I will try to use multiple options to see which one would help me to
identify the normality of this variable without conducting any
statistical test.
First, the summary method will give us a basic five-figure summary of the calories variable. It helps to get a basic idea about the mean, median and quartiles.
summary(starbucksData$calories)## Min. 1st Qu. Median Mean 3rd Qu. Max.
## 0.0 130.0 220.0 228.4 320.0 640.0
If we use the boxplot function with jitter from ggplot, we can see that although we get some idea about the distribution of data but it is not visually clear enough to help us understand the normality of underlying data.
ggplot(data = starbucksData,
mapping = aes(x = calories, y = 0))+
geom_jitter() +
geom_boxplot(colour = "#004b8c", fill = "#98c5ed", alpha = .6)Now, histogram gives us a much better visual understanding of data and its distribution. I have added mean (solid line) and median (dashed line) along with a frequency polygon (red line) to further help me understand normality of the calorie variable.

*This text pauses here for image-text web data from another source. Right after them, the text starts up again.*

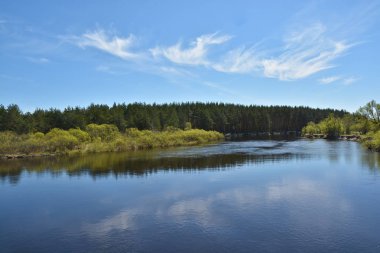 Orman nehir Mayıs sabahı. Bahar nehir manzara Orta Rusya Milli Parkı içinde.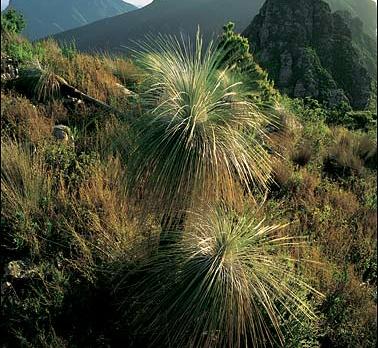 Voyage sur-mesure, WA - Stirling Range National Park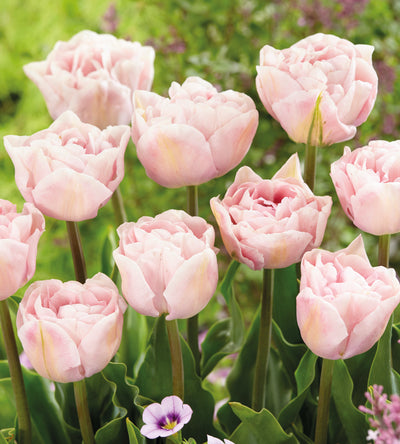 5 kpl Tulppaani ’Angelique’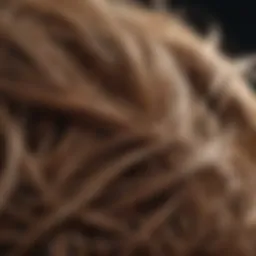 Close-up of healthy hair strands interwoven with nature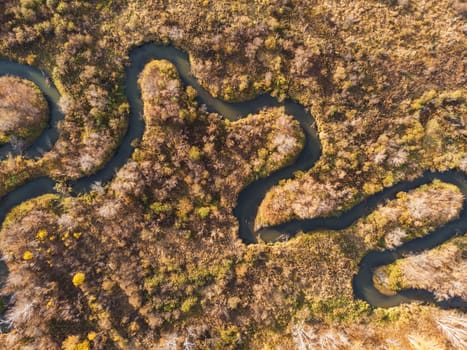 Aerial drone view of autumn landscape with river.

As we can see in the following graph, the calories sample data might not look like a perfect bell curve for normal distribution but it doesn’t mean that the variable is not normal.
ggplot( data = starbucksData, mapping = aes(x = calories) ) +
geom_histogram(binwidth = 70, color="black", fill="#b5e2f5") +
geom_vline(mapping = aes( xintercept = mean(calories)), colour = '#1d8a01') +
geom_vline(mapping = aes( xintercept = median(calories) ),
linetype = "dashed", colour = '#1d8a01') +
geom_freqpoly(aes(colour = "red"), binwidth = 70, show.legend = FALSE)As it seems hard to estimate normality from histogram alone, I am using “QQ-plot” on top of it to help me further visually evaluate the normality assumption.
Based on the QQ-pot below, because the majority of points are close to the reference line and within the confidence bands, the normality assumption can be considered as met.
ggqqplot(starbucksData, x = "calories", color = "#00AFBB")We can further extend our finding by using simple statistics to find out number of data points between one standard deviation of the mean. The result of the ratio reflects that the underlying data is quite close to the empirical rule of 68%.
lower_bound <- mean(starbucksData$calories)-sd(starbucksData$calories)
upper_bound <- mean(starbucksData$calories)+sd(starbucksData$calories)
index <- starbucksData$calories > lower_bound &
starbucksData$calories < upper_bound
sum(index)/nrow(starbucksData)## [1] 0.657367
If we check the same of for the empirical rule of 95% by checking the data points within 2 standard deviations of the mean, we can see that it is again a close estimate (96.9%).
lower_bound <- mean(starbucksData$calories)-2*sd(starbucksData$calories)
upper_bound <- mean(starbucksData$calories)+2*sd(starbucksData$calories)
index <- starbucksData$calories > lower_bound &
starbucksData$calories < upper_bound
sum(index)/nrow(starbucksData)## [1] 0.9694856
Based on the graphs and simple calculations, I can conclude that the “Calories” variable under the Starbucks data set seems to be a normal distribution.